All that being said, it makes me feel pretty good about the lies I have made in my life that I feel quite ashamed of.  As a freshman, I actually (I can’t believe I actually did this) told someone I was recruited as a tight end for USC (USC for heaven’s sakes!) football.  I told him a monster of a lie and followed through with it as I knew him that year.  I am quite ashamed of that.  I have made little white lies in conversation to try to impress others, like claiming I could some Japanese.  Now, there was a kernel of truth there- I had lived in Japan for a summer in college but really couldn’t speak much Japanese at all.  All to say I have lied and felt quite ashamed for it.  And certainly Rockefeller makes me think my lies are almost nothing.  But they aren’t.

Lies are a problem.  Deception is a problem.  I firmly believe that they are problems not simply because they are called sins.  Rather, I believe that we all are called to the image of God we are created with.  When we lie or deceive, we move away from that image.  As people created in the image of God, we are relational people.  In short, lies then are not problematic simply because they are wrong, but because lies keep us from fully investing ourselves in relationships.

Think about it.  When I lied to that guy about being recruited to play football to impress him, I wasn’t able to really forge a true relationship with him.  No matter how much we came close, there was still considerable distance from my end.  When we lie in little conversations, we aren’t able to get to know others very well.  Plus, consider the prodigious amount of effort it takes to keep telling the lie, keep covering the tracks and never make a slip up and letting others know my fraudulence.  We like to impress, but relationships grow from truth and freedom and vulnerability.  In lying, we block the vulnerabilities and imprison ourselves in our little lies and actually may not impress anybody in doing so.
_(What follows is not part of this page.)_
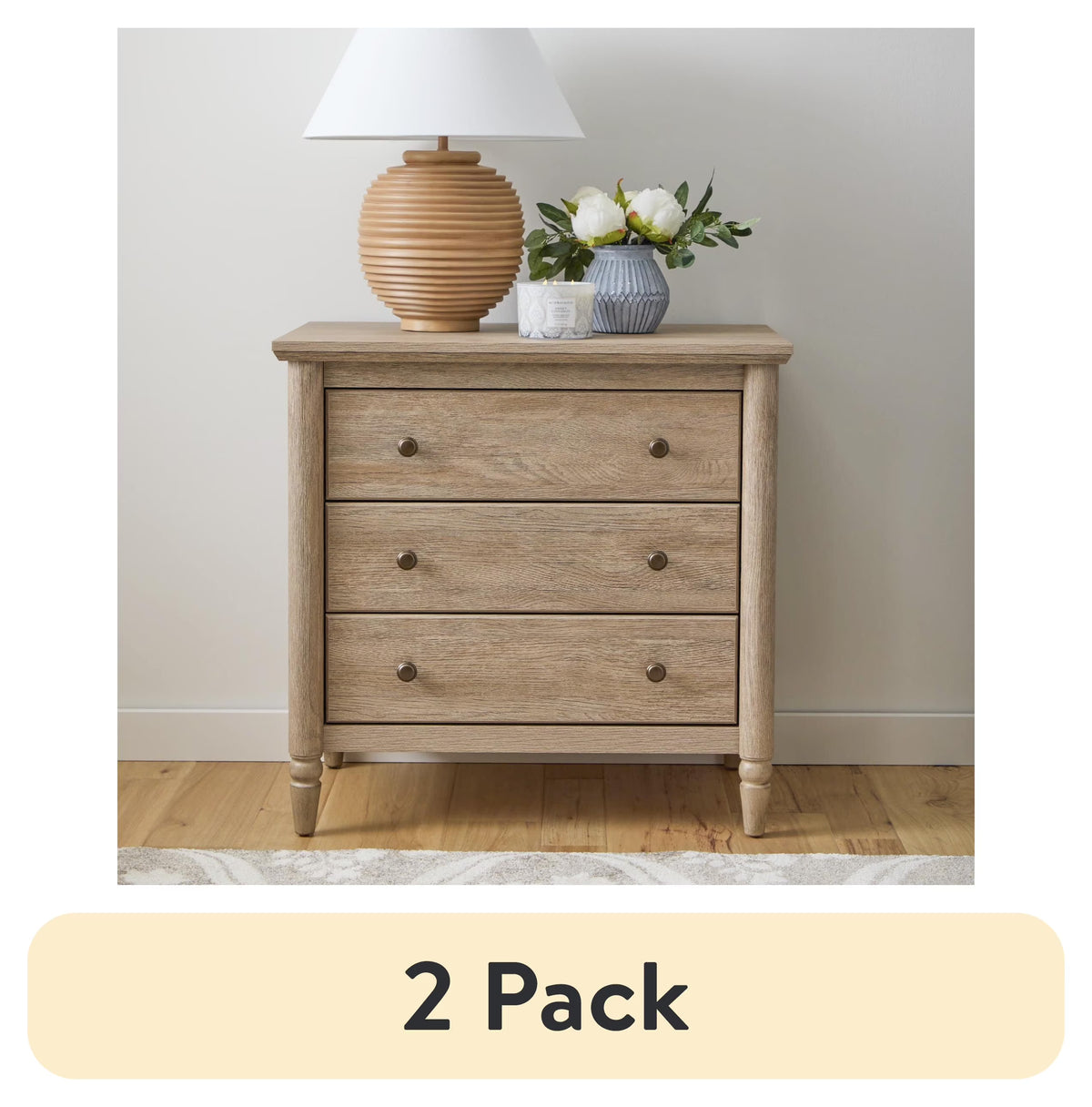 My Texas House Monroe 3 Drawer Nightstand with USB, Brushed Oak Finish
Take this a step further in our relationship with God.  God wants a relationship where we are honest, genuine, accepting of who we are as frail human beings, and vulnerabilities that lead to trust.   When I lie to God and try to deceive him, I suppose I can impress him with my faithfulness or my righteousness or my obedience, when all he asks for is one who fears him, seeks justice and walks humbly with him.   Lies block our relationship with God not because lies are wrong, but because lies that we tell ourselves or others keep us from acknowledging who we are and who God is, and blocks the development of a beautiful, loving and freeing relationship.
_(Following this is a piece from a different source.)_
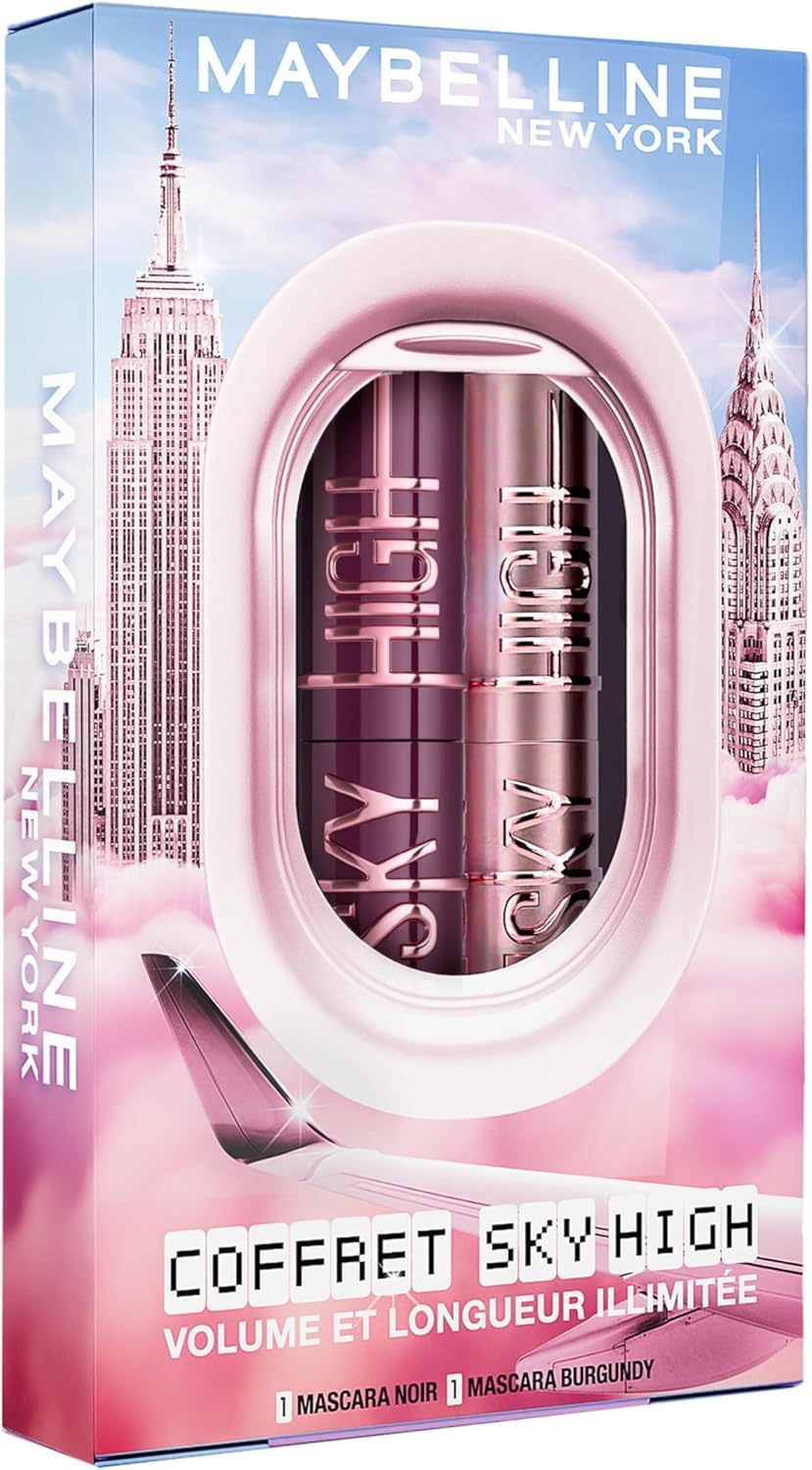 Maybelline New York - Mascara Volume Intense et Longueur Illimitée - Formule Enrichie en Extraits de Bambous et de Fibres - Sky High - Teinte : Very Black - 7,2 ml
This relationship is the stunning thing about Mr. Clark Rockefeller.  Even after he was found out and his fraud shown, he refused to break character and seek any meaningful relationships with anyone.  The relationship that brings relief and peace didn’t mean anything- rather his lie meant more.  And also, the relationship thing did betray him.  The reason it all came crashing down on him was because he did find someone to truly love and truly invest in- his little daughter.  In that relationship, the deception could not mesh with the vulnerability needed, and it cost him.

Go read the book.  And keep thinking about the lies and deception we tell. I pray that you can seek the relationship that frees us from the need to tell lies, the relationship with Jesus the Messiah.